When it comes to sights to see in and around Croyde, the options are fairly limited. There are not many famous landmarks or monuments - the village is best known for its landscape and beach. If you’re interested in walking, there is also the Braunton Burrows; the UK’s largest sand dunes, where you can find a variety of wild flowers, and discover the very land where the American troops trained before D-Day. Whether you’re a surfer or not, the ‘Museum of British Surfing’ is also worth a visit. It houses a collection of vintage to modern surf boards and wetsuits, accompanied by placards with sepia images, and stories about the dangerous waves the famous surfers rode; successfully or otherwise. Of course, you can also try your hand at the sport itself.

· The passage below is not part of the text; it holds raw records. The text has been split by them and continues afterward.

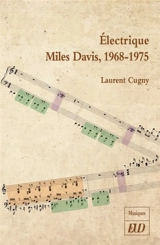 Electrique Miles Davis : 1968-1975 - Laurent Cugny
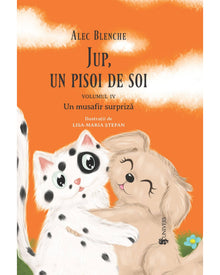 Jup, un pisoi de soi – volumul 4 – Un musafir surpriza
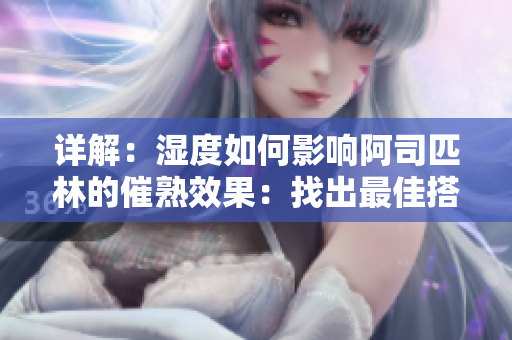 詳解：濕度如何影響阿司匹林的催熟效果：找出最佳搭配，優(yōu)化果實品質(zhì)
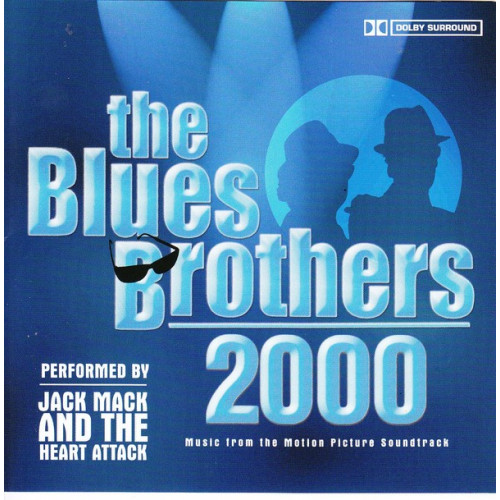 Blues Brothers 2000 - Performed by Jack Mack & the heart atack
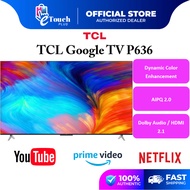 TCL P636 4K UHD Google Android Smart AI TV [ 43'' / 50'' / 55'' / 65'' / 75'' ] similiar Xiaomi P1 replacement old P635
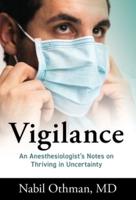 Vigilance: An Anesthesiologist's Notes on Thriving in Uncertainty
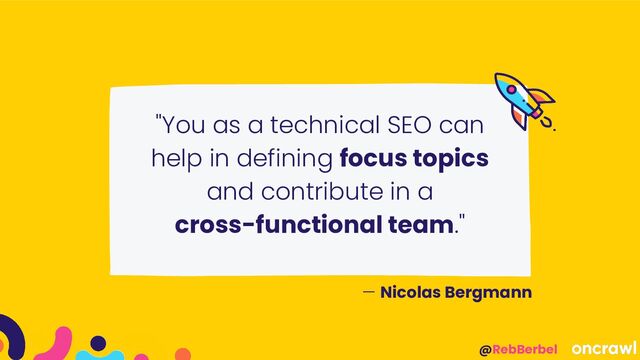 @RebBerbel
"You as a technical SEO can
help in defining focus topics
and contribute in a
cross-functional team."
— Nicolas Bergmann
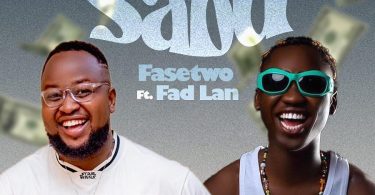 Fasetwo - Sabu Ft. Fad Lan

It’s no surprise that Devon is one of the country’s favourite holiday destinations. It is easy to see why. The beaches around Croyde and North Devon are truly stunning: white powdery sands, powerful waves, grassy dunes, spectacular cliff-top views and wild flowers galore. This is the main reason to come to Croyde. As its neighbour county Cornwall, Devon is world-renowned for it’s fantastic surfing opportunities, particularly in the north, and there are plenty of surf schools to choose from around the area if you’re interested in learning how. Because the bays are sheltered but the waters choppy, you have a great variety of choice, from regular surfing to body boarding or wind surfing.
Festivals are a big part of the culture in Devon, with several festivals per week in the summer months. One of the more well known is the Sidmouth Fringe Festival; a series of 4 intimate musical performances spread over 5 nights, which is held from 2nd - 6th August. Devon is well known in particular for it’s live music scene, which is said to be more prominent even than London.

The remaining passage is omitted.